Thanks for asking these marvelous questions.  And my warm regards to you,
Juanita, whom I finally got to meet at the (US) National Dialogue and
Deliberation Conference in October.  I LOVED experiencing World Cafe through
your kind and thoughtful facilitation.

Here are my answers to add to this rich mix of questions and answers:

What has enabled the Open Space listserv to flourish?

I am thrilled to say that it reflects the principles and law of Open Space
and I suspect that our individual understanding of these principles and law
help us to thrive on this list and help this list to thrive.  And the fact
that we all share this same knowledge and repeat it may indeed help us
collectively hold space for this list.  No moderator (one of the most
fabulous parts of this list) - all is welcome because one can always
exercise the Law of Two Feet (played out here as the Law of Delete).
Passion bounded by responsibility.  Again, Open Space has named these things
and we all hold these things and many of us live our lives in these ways.
So this community, as diverse as it may be, does hold a common language, as
it were.

Speaking of that (in any tongue), any language is welcome.  Periodically
someone pops in with a message in non-English and answers spring forth.

Any level is welcome.  From 'gee this is my first help me breathe' to folks
who have done many and diverse Open Spaces, all asking for wisdom from the
group / all offering wisdom to the group.

It's free, with open membership.

It offers instant gratification.  Voices in the dark, wee hours of the night
get heard by one or some of us somewhere in the world.

It's loving.  Really in the truest sense: folks are generous with ideas,
materials, support.  People demonstrate open hearts and minds.

It doesn't break a lot (rare that it has technical problems).

It helps one connect to one's tribe...

I don't suspect that anyone feels that it's their 'job' to keep the
community going - so that it's up to everyone and has ebbs and flows,
breathes in and out with whatever anyone wants to put into it.
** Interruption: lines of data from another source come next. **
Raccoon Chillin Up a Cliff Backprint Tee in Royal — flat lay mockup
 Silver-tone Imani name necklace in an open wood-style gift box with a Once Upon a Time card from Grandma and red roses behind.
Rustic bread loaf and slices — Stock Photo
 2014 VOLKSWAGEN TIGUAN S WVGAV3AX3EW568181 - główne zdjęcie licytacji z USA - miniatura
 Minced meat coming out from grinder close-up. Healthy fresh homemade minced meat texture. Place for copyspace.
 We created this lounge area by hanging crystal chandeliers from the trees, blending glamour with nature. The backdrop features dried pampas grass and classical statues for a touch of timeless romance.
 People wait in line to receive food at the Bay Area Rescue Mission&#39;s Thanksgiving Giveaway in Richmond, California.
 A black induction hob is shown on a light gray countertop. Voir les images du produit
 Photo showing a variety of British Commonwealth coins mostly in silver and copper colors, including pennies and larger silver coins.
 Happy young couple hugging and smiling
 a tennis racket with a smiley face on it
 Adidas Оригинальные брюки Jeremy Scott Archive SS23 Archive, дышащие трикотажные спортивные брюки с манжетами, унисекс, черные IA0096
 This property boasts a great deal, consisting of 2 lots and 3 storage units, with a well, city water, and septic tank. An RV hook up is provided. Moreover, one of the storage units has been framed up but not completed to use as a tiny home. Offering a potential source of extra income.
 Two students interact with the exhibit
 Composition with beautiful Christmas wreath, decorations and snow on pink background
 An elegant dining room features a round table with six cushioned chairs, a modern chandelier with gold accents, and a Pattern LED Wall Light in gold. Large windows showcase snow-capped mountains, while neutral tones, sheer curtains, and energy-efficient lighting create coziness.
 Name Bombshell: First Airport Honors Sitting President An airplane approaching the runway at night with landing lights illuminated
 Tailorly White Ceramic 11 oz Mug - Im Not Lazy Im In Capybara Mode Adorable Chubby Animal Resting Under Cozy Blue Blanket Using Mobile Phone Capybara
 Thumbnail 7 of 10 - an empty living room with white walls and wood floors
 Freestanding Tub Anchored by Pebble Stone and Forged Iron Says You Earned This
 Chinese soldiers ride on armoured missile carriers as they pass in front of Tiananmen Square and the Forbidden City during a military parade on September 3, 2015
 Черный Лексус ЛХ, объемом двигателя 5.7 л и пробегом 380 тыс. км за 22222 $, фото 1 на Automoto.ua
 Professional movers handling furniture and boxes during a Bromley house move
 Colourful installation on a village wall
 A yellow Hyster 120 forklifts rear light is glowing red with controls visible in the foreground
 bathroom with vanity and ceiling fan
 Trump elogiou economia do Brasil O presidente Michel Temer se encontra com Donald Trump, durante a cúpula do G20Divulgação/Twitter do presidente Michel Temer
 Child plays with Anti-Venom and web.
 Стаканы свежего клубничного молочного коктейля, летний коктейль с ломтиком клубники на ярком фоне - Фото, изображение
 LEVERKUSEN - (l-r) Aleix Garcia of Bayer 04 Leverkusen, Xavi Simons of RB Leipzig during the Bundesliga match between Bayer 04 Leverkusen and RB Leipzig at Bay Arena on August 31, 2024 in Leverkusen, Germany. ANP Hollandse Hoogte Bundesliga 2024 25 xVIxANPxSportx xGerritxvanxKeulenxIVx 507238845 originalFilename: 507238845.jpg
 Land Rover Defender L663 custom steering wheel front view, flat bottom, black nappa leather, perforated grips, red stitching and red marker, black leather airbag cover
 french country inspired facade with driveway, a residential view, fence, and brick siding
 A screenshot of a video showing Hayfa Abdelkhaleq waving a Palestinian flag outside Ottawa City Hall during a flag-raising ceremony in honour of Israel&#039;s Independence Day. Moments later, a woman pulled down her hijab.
In what ways has the listserv helped the Open Space community of practice to
evolve?

New ideas are written out clearly - experiments are shared - so it's easy
(with a deep breath sometimes) to try (for example) different forms of
convergence, or action planning through reopening space towards the end of
an event, or doing OS with people who are more oral (who have greater
challenges reading), or documenting OSs in different ways, and so on.

Folks generate new ways to gather information, ask new questions, share new
information (OS and Appreciative Inquiry, researching the impact of OS on
organizations, and so on).

Folks get a bit of a sense for each other, so perhaps that helps when some
folks want to collaborate with others they've not worked with before -
still, they have a sense for style, approach, values they may share (or
which may nicely contrast with each other).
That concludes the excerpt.